Error adding AD Users to AD LDS roles

After attempting to add an AD user to the AD LDS readers group we received the following error:

Operation failed. Error code: 0x2095
A directory service error has occurred.
00002095: SvcErr: DSID-032A08CB, problem 5012 (DIR_ERROR), data 6

We set the logging level to 4 for:

• Security Events
  
• Name Resolution
• Directory Access

at which point we get the following error

Log Name:      ADAM (PDirectory)
Source:        ADAM [PDirectory] General
Date:          18/09/2012 11:41:38 AM
Event ID:      1175
Task Category: Directory Access
Level:         Information
Keywords:      Classic
User:          PNET\SVC-ADLDS
Computer:      WEB1.p.net
Description:
Internal event: A privileged operation (rights required = 0x) on object CN=Readers,CN=Roles,O=P,C=Directory failed because a non-security related error occurred.
Event Xml:
<Event xmlns="http://schemas.microsoft.com/win/2004/08/events/event">
  <System>
    <Provider Name="ADAM [PDirectory] General" />
    <EventID Qualifiers="16384">1175</EventID>
    <Level>4</Level>
    <Task>8</Task>
    <Keywords>0x80000000000000</Keywords>
    <TimeCreated SystemTime="2012-09-18T01:41:38.000000000Z" />
    <EventRecordID>625</EventRecordID>
    <Channel>ADAM (PDirectory)</Channel>
    <Computer>WEB1.p.net</Computer>
    <Security UserID="S-1-5-21-1469259761-726080277-10498456-67182" />
  </System>
  <EventData>
    <Data>
    </Data>
    <Data>CN=Readers,CN=Roles,O=Parl,C=Directory</Data>
  </EventData>
</Event>

We've looked and a document described this error for AD Controllers using systems less than AD 2003 SP1. While this isn't a domain controller, we did check and all the DCs are later versions.
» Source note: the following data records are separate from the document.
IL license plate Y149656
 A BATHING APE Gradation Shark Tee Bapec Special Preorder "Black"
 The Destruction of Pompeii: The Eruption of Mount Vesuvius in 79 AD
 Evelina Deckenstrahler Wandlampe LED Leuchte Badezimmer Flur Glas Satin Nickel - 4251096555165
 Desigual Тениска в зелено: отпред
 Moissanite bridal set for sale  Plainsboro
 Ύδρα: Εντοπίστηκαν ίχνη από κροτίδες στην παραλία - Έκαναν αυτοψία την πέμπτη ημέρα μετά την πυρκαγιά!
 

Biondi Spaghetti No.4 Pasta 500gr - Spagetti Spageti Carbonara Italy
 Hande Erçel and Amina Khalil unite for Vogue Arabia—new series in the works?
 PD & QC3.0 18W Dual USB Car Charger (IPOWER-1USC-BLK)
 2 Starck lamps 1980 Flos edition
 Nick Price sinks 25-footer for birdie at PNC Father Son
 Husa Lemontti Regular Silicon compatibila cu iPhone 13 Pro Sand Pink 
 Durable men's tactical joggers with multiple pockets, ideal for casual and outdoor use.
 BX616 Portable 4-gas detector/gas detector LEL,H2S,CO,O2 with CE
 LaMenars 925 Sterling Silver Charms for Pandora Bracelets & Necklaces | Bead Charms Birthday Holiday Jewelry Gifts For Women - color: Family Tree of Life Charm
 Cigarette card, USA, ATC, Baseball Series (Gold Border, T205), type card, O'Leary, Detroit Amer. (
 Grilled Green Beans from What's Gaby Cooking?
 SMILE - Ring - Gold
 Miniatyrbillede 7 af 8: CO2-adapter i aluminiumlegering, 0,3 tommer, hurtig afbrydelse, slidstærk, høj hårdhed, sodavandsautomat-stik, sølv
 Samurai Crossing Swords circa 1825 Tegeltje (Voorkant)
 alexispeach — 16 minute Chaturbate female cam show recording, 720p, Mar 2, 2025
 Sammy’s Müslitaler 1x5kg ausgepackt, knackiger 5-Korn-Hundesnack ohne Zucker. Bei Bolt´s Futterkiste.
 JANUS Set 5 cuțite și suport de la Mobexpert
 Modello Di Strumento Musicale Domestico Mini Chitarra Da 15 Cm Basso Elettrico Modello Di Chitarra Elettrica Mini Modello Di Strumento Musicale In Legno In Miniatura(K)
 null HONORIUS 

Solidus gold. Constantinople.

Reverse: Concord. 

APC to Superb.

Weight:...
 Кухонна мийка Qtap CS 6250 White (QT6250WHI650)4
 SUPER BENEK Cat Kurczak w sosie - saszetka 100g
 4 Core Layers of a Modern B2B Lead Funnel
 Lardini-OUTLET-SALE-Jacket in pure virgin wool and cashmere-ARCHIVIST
The server hosting AD LDS is an Windows Server 2K8 R2 box. The errors above apply when trying to add domain users to other roles such as administrators and occur regardless of what user is being added. We can add AD LDS user objects to these groups however. Notably this is the first attempt to update these roles membership since deployment, up until now we've just had the defaul admins we set at install using the service. Also, as far as I'm aware no special config was performed, the install was more or less a next -> next scenario. Post install we updated the schema for one object class, but the same configuration in test didn't exhibit any issues.

We've also checked the DNS and that appears to be resolving fine.

If anyone has any ideas it'll be greatly appreciated.